LONDON (Reuters) - Short positions reported to Britain’s regulator hit a four-month high in February amid rising concerns about the spread of the coronavirus and fears the UK could fail to clinch a free-trade deal with Brussels, a Reuters analysis of regulatory filings found.
In February, 865 short positions were reported to the Financial Conduct Authority (FCA), with 298 filed last week alone, the highest week in more than a year of data, showed an analysis of the filings.
Global stock markets experienced their worst weekly losses since the 2008 financial crisis between Feb. 24 and Feb. 28 with investors fearing the disease could send the world into recession.

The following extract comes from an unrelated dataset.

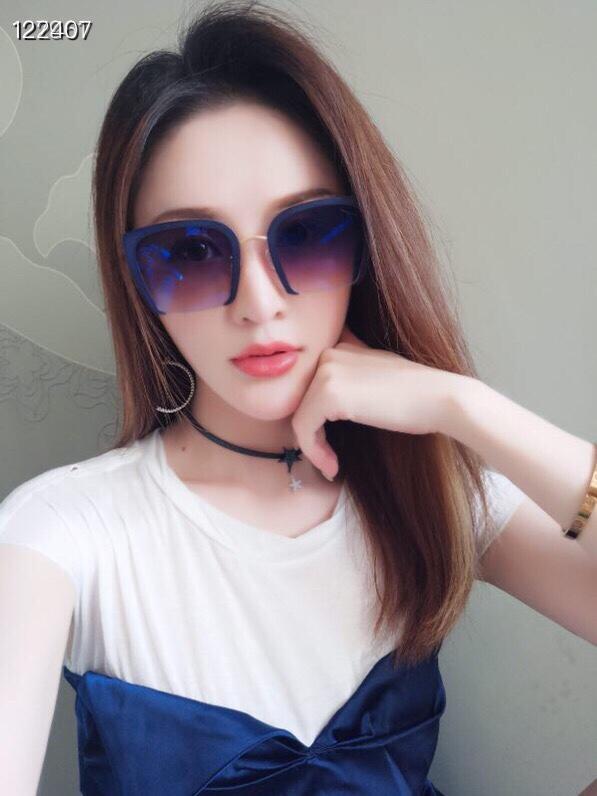 Ferragamo菲拉格慕 19開春代購級別 SF138S 新款 女款太陽鏡  lly1134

“The coronavirus crisis has weighed a lot. The FTSE 100 is very exposed to China and emerging markets,” said Emmanuel Cau, head of European equity strategy at Barclays, noting another factor at play.
“Brexit risk perceptions have rebounded in the UK since the beginning of the year with investors starting to understand that the EU trade negotiations will be complicated and the chances of a no-deal are high,” he added.
Hedge funds “short” a company’s stock when they expect the price will fall. They carry out the trade by borrowing its shares from an institutional investor, such as a pension fund, and selling them back at a profit when they lose value.
Firms in the UK are under a regulatory obligation to report all changes to short positions once they surpass a threshold of 0.2% in a company but make those public once they hit over 0.5%.